### WORK TO BE COMPLETED
Below this line are records; transcribe exactly the lines between the one holding "Our goal is" and the one holding "And then you", inclusive, and omit the pictures.

### EXTRACTED MATERIAL
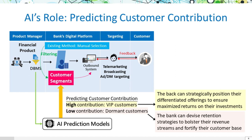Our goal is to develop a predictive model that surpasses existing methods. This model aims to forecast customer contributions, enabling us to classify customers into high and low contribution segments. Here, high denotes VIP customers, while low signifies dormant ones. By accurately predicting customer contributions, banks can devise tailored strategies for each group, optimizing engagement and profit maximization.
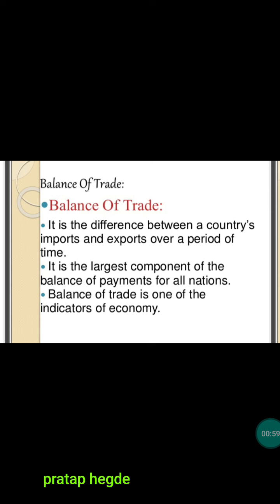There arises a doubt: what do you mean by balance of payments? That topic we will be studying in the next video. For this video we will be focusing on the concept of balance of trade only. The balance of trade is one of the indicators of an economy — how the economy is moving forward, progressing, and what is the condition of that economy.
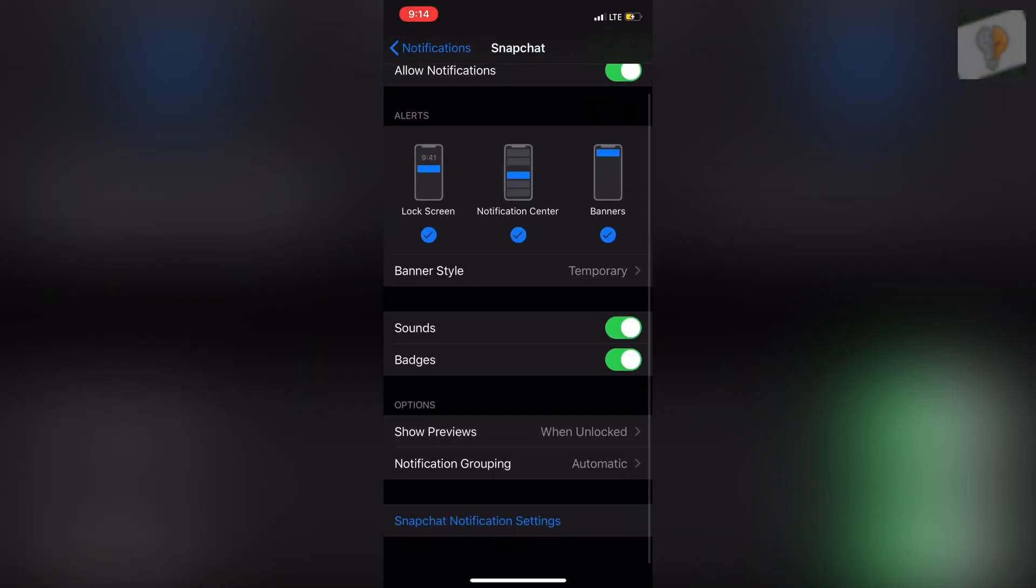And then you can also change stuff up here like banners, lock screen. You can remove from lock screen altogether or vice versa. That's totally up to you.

==

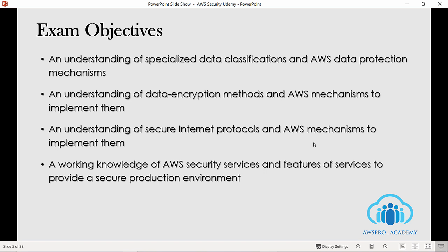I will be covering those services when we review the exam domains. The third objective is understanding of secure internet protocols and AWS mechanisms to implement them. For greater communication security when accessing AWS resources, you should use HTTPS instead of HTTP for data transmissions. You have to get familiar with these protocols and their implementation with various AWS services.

### RESULT
Our goal is to develop a predictive model that surpasses existing methods. This model aims to forecast customer contributions, enabling us to classify customers into high and low contribution segments. Here, high denotes VIP customers, while low signifies dormant ones. By accurately predicting customer contributions, banks can devise tailored strategies for each group, optimizing engagement and profit maximization.
There arises a doubt: what do you mean by balance of payments? That topic we will be studying in the next video. For this video we will be focusing on the concept of balance of trade only. The balance of trade is one of the indicators of an economy — how the economy is moving forward, progressing, and what is the condition of that economy.
And then you can also change stuff up here like banners, lock screen. You can remove from lock screen altogether or vice versa. That's totally up to you.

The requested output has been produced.